(Data section begins)

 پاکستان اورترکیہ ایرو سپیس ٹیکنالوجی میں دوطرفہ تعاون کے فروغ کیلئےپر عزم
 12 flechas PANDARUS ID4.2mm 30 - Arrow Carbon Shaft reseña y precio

(Data section ends)
(Data section begins)

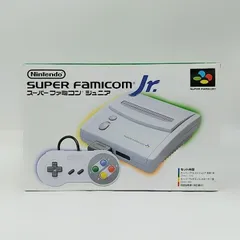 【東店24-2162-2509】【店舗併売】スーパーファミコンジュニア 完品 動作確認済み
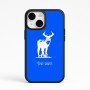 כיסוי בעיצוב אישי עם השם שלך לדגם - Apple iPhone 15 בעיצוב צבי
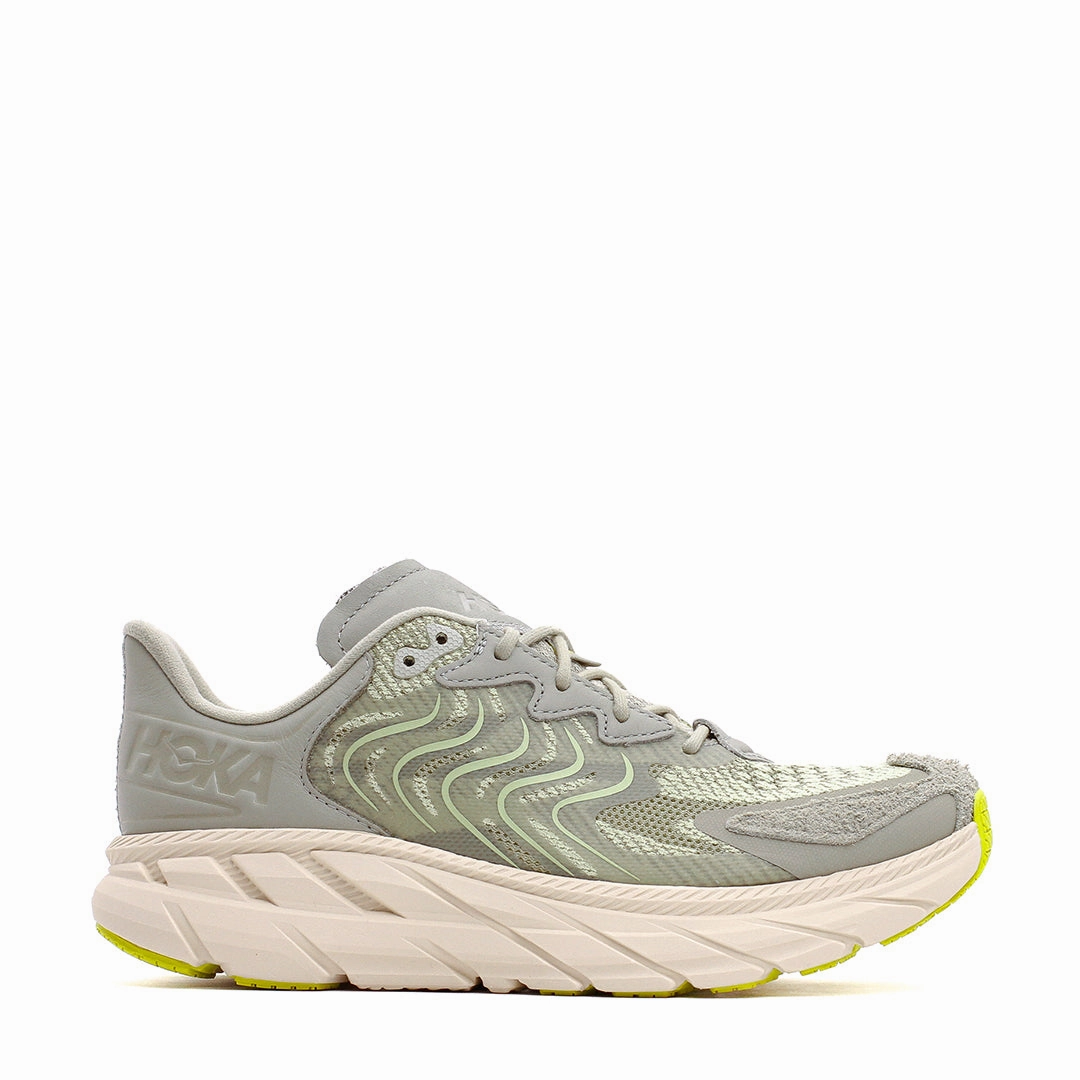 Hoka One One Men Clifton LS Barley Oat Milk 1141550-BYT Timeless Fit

(Data section ends)

> Work task:
The lines above from the one containing "پاکستان اورترکیہ ایرو" through the one containing "12 flechas PANDARUS" are to be set down exactly, and no others.

> Task response:
 پاکستان اورترکیہ ایرو سپیس ٹیکنالوجی میں دوطرفہ تعاون کے فروغ کیلئےپر عزم
 12 flechas PANDARUS ID4.2mm 30 - Arrow Carbon Shaft reseña y precio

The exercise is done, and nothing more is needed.